-- Your objective --
Find the line holding "Organic Forest Canopy Sculpture model" in the entries below. Give it again exactly, along with every line after it up to and including the line holding "解放者杯：帕梅拉斯 VS 博塔弗戈".

-- Records shown --

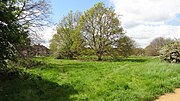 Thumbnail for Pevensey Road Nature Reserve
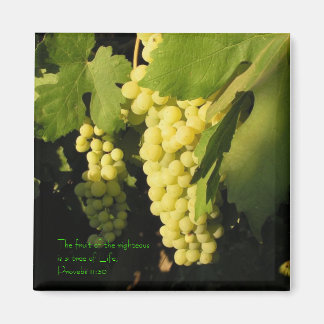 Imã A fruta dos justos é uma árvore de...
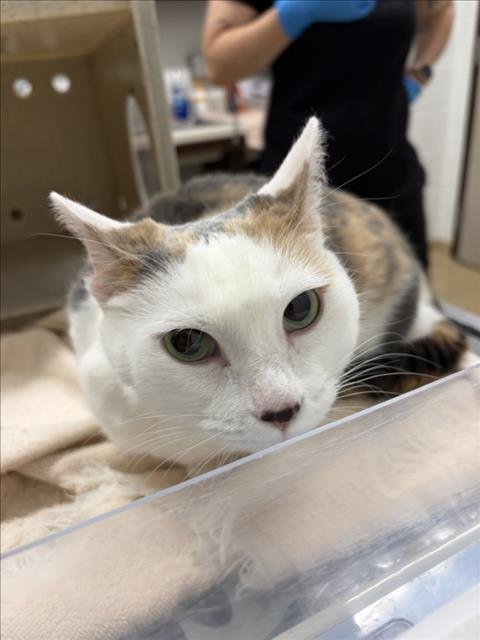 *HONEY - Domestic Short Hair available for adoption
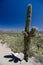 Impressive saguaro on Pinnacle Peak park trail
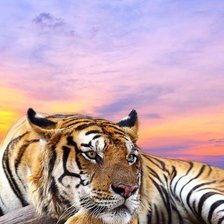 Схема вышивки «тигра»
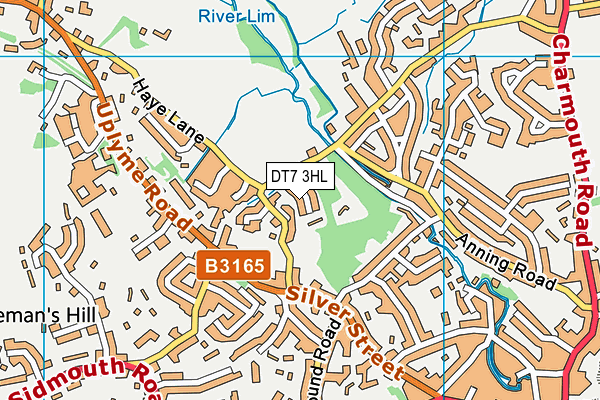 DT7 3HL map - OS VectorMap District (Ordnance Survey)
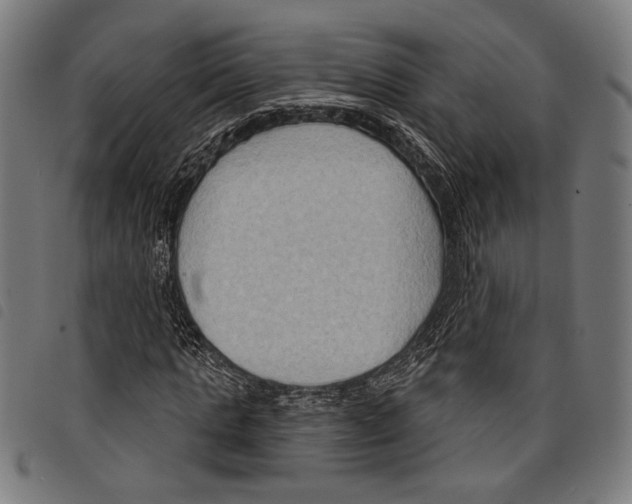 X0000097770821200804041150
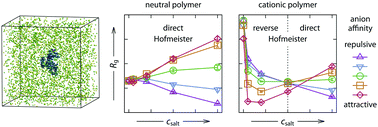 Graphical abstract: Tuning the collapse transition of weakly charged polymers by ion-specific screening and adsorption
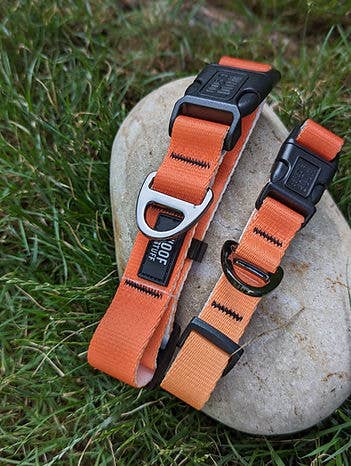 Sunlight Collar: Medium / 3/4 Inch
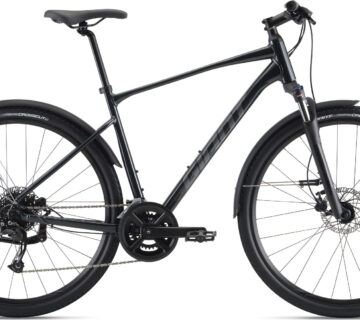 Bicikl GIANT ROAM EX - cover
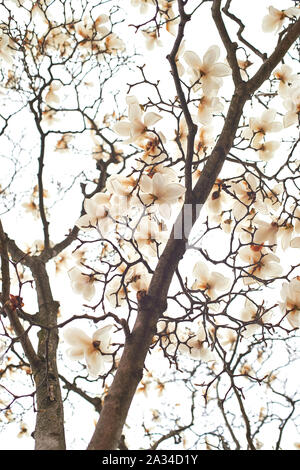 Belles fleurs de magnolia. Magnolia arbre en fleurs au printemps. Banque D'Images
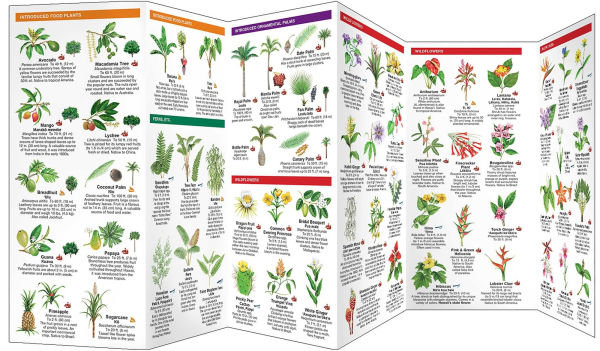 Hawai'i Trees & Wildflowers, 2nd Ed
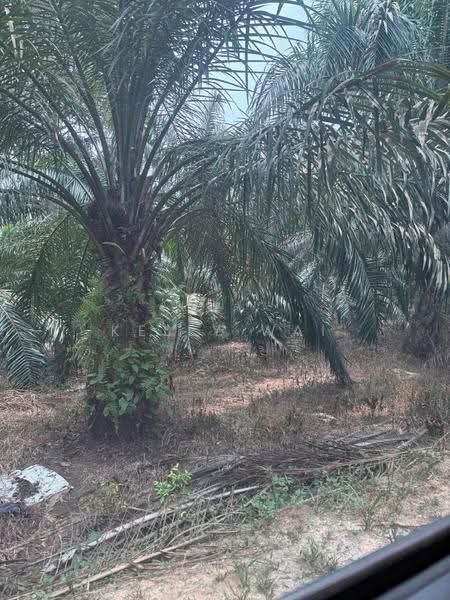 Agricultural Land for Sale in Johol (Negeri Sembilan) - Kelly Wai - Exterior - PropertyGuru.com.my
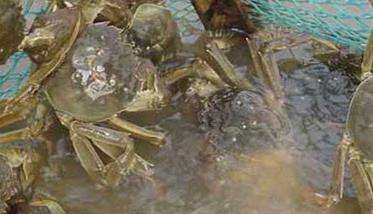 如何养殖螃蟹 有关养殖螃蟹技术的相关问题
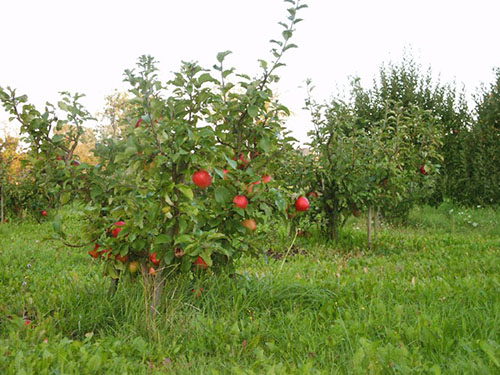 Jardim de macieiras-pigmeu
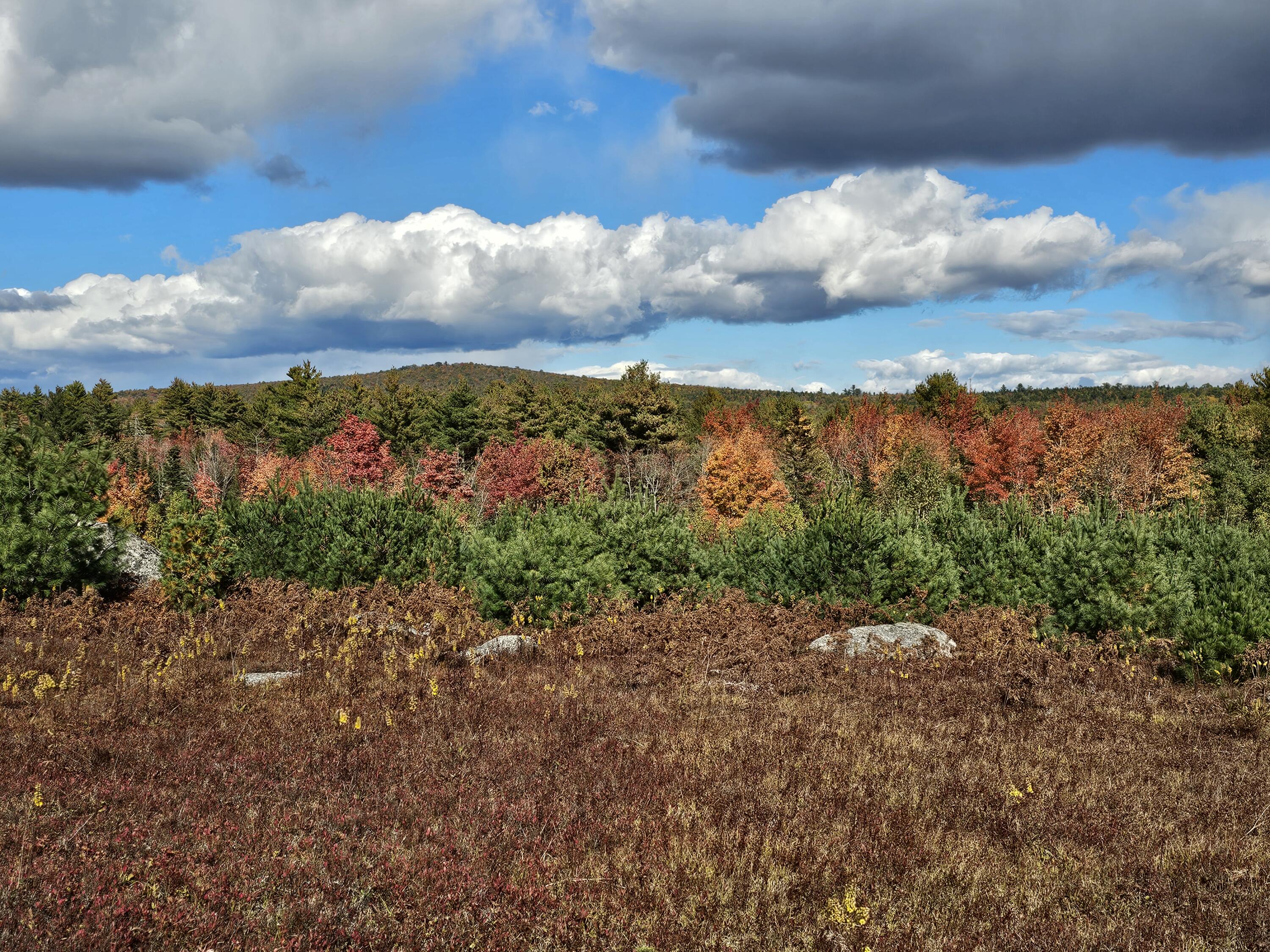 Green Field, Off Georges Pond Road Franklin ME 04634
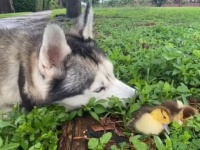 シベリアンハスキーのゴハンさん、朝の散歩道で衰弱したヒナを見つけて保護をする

==

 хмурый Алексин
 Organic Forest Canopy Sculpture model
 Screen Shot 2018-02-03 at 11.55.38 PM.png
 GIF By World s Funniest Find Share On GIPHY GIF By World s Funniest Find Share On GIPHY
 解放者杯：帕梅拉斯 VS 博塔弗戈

-- Finished exercise --
 Organic Forest Canopy Sculpture model
 Screen Shot 2018-02-03 at 11.55.38 PM.png
 GIF By World s Funniest Find Share On GIPHY GIF By World s Funniest Find Share On GIPHY
 解放者杯：帕梅拉斯 VS 博塔弗戈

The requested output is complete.